··· Data for review
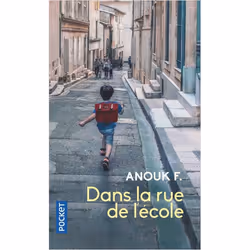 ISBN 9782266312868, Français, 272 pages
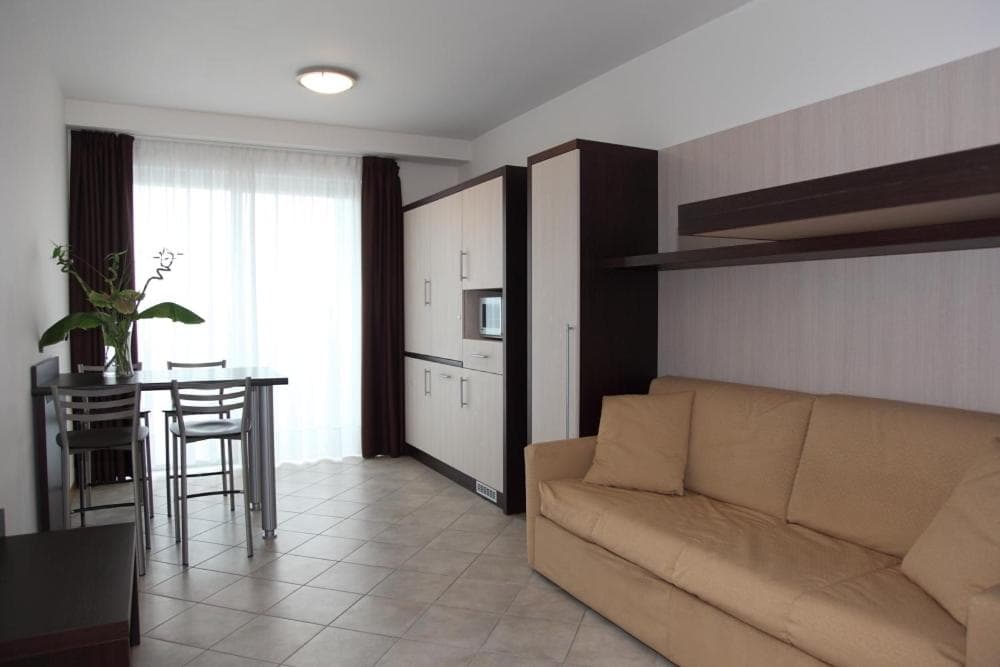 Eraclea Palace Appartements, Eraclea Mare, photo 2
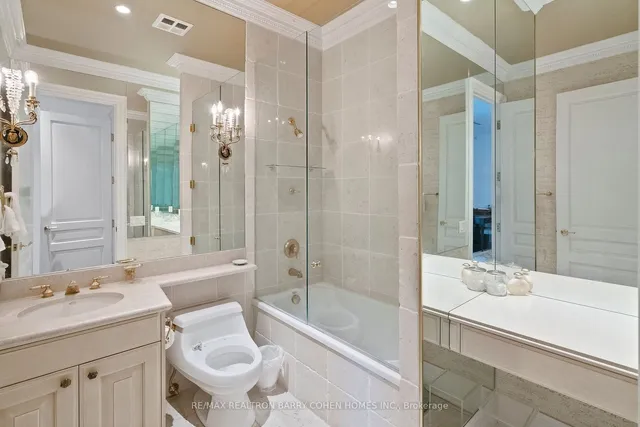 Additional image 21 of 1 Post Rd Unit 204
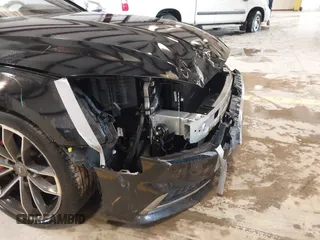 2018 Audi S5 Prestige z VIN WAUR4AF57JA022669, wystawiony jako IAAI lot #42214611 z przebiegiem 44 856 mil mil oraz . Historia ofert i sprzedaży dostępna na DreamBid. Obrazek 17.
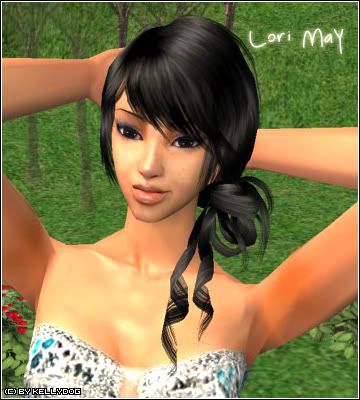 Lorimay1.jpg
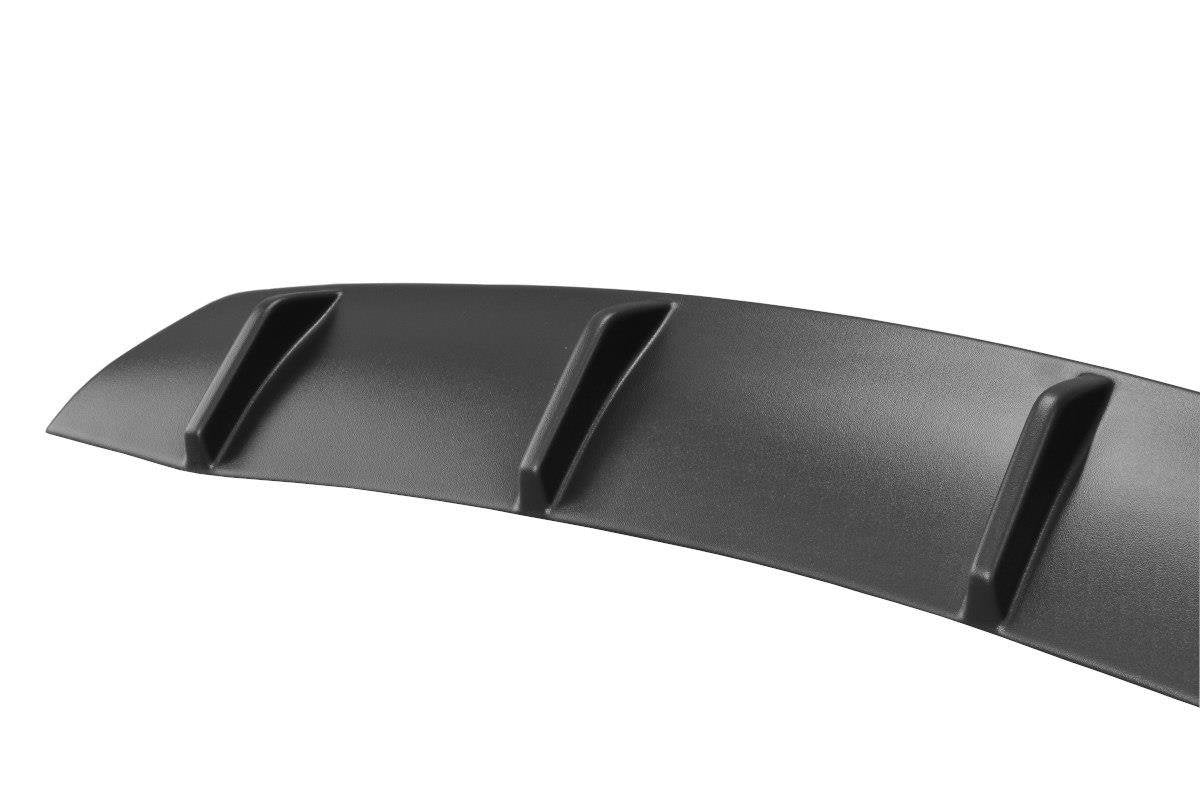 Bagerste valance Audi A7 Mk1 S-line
······
» Exercise objective
Transcribe exactly, and only, the lines from the one containing "Eraclea Palace Appartements, Eraclea" through the last line of the records above, both included; leave out the pictures.

» Task result
 Eraclea Palace Appartements, Eraclea Mare, photo 2
 Additional image 21 of 1 Post Rd Unit 204
 2018 Audi S5 Prestige z VIN WAUR4AF57JA022669, wystawiony jako IAAI lot #42214611 z przebiegiem 44 856 mil mil oraz . Historia ofert i sprzedaży dostępna na DreamBid. Obrazek 17.
 Lorimay1.jpg
 Bagerste valance Audi A7 Mk1 S-line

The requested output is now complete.